Я ограничусь тем, что изложу вам, с краткостью и сдержанностью, которые вы, несомненно, оцените, несколько мыслей; возможно, что эти мысли окажутся полезными в данный момент.

Избиратели!

Вам предстоит осуществить великое право и исполнить великий гражданский долг.

Вам предстоит избрать законодателя.

Это значит воплотить в одном человеке вашу верховную власть.

Граждане, к такому выбору нужно подойти серьезно.

Законодатель являет собою самое высшее выражение воли нации.

Его обязанности стоят выше любых других обязанностей. Почему? Да потому, что законы создает его совесть.

Совесть – внутренний закон; закон – внешнее проявление совести. Отсюда и вытекает то благоговение, с которым мы обязаны относиться к закону. Уважение к законам – долг юристов, обязанность духовенства, дело чести армии. Закон – это догмат для судьи, предел для священника, приказ для солдата. Слова «вне закона»выражают одновременно самое страшное преступление и самое грозное возмездие. Откуда проистекает это главенство закона? Повторяю, оно объясняется тем, что закон для народа – то же, что совесть для человека. За его пределами и выше его ничего нет. Именно этим объясняется, что в разумно управляемых государствах исполнительная власть подчинена законодательной власти. (Живейшее одобрение.)

Это подчинение необходимо; оно должно быть строгим и безусловным.

Всякое сопротивление исполнительной власти воле законодательной власти представляет собой беззаконие; всякое нарушение прав законодательной власти со стороны власти исполнительной представляет собой преступление. Применение силы против права – такое злодеяние, что Восемнадцатого брюмера достаточно для того, чтобы зачеркнуть славу Аустерлица, а Второго декабря достаточно для того, чтобы поглотить имя Бонапарта. И Восемнадцатого брюмера и Второго декабря потерпела крушение не Франция, а Наполеон.

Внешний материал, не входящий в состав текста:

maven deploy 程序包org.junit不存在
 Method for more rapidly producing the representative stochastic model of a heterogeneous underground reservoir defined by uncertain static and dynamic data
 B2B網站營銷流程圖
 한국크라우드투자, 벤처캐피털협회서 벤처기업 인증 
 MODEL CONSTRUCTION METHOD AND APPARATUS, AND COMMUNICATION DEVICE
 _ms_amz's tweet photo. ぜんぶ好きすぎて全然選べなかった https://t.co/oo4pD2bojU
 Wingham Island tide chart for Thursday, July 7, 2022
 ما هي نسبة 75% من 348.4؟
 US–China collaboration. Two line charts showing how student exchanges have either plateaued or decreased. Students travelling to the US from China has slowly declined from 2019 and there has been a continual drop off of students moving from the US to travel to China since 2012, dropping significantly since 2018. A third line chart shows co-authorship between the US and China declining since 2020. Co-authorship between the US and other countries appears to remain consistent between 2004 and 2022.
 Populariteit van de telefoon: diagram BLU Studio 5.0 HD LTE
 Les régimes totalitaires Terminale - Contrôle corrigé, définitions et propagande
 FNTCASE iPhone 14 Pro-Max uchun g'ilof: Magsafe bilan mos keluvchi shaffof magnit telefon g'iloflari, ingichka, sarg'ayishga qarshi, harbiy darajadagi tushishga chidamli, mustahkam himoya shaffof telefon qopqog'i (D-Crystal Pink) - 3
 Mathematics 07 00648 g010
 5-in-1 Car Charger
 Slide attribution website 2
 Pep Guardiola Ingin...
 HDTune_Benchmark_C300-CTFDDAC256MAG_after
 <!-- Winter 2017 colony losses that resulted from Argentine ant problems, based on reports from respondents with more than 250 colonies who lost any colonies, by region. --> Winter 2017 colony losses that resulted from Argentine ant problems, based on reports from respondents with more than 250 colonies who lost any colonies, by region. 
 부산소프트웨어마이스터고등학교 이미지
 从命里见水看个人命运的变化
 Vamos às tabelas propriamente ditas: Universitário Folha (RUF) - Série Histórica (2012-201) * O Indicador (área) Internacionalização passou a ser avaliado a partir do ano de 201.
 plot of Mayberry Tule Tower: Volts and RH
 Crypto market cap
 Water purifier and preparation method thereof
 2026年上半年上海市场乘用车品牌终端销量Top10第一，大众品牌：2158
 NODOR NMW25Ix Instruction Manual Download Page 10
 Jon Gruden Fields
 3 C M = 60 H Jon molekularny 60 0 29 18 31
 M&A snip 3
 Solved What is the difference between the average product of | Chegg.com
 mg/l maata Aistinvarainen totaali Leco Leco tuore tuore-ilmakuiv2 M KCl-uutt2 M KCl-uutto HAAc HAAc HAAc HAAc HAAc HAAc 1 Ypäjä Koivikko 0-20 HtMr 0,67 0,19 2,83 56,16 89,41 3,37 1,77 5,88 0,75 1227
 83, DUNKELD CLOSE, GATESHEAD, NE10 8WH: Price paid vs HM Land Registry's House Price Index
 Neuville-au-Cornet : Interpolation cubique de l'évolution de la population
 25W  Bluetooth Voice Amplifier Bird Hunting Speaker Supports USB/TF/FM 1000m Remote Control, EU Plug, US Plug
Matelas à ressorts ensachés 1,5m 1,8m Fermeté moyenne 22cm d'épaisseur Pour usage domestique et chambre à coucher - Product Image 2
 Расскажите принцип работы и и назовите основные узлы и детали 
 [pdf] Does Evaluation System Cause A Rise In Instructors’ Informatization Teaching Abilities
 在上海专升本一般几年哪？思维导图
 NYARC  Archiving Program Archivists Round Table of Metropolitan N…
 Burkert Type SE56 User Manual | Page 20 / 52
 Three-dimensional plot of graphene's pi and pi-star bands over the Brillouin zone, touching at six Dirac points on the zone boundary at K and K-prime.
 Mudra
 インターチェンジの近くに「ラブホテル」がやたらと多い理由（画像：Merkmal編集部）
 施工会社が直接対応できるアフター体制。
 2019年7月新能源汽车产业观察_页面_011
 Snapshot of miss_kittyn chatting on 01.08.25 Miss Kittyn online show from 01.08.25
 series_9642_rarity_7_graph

Если я произношу сейчас это имя, Наполеон, то лишь потому, что никогда не вредно напомнить факты и сослаться на принципы; однако само собою разумеется, что это имя занимает слишком большое место в истории, чтобы мне пришло в голову сопоставлять его с именами наших нынешних правителей. Я не хочу задевать ничью скромность. (Возгласы: «Браво!» Смех.)

Я хочу лишь заявить, и заявить непреклонно, что власти обязаны проявлять глубокое уважение к закону, кзаконодателю, создающему законы, и ко всеобщему избирательному праву, создающему законодателя.

Вы видите, господа, что необходимо, ступень за ступенью, восходить к всеобщему избирательному праву. Оно и отправной и конечный пункт; ему принадлежит и первое и последнее слово.

Господа, всеобщее избирательное право скажет свое слово, и это слово будет непререкаемым и решительным. Окончательное решение, произнесенное священным голосом Франции, будет одновременно и повелением и приговором – повелением для республики, приговором для монархии. (Возгласы: «Да! Да!» Аплодисменты.)

Порою, господа, – это видно из истории, – правительствами овладевает мятежный дух. Они навязывают стране то, что можно назвать «кризисами по прихоти», и эти кризисы – самые губительные. Они тем более опасны, что они бессмысленны и безрассудны; им присущи бессознательность невежества и раздражительность каприза. Внезапно, грубо, беспричинно, ради собственного удовольствия они приостанавливают труд, промышленность, торговлю, обмен, развитие идей, вызывают противоречия между людьми, нарушают денежное обращение, угнетают мысль, затрудняют все, вплоть до свободы передвижения. Эти кризисы имеют наглость заявлять, что они намерены продолжаться, и выставляют свои условия. Их настойчивость ошеломляет ущемленную и обедневшую страну. О некоторых правительствах можно сказать, что они затягивают узел на общественном благоденствии. Этот узел можно либо перерезать, либо распутать; его перерезают революции, его распутывает всеобщее избирательное право. (Аплодисменты.)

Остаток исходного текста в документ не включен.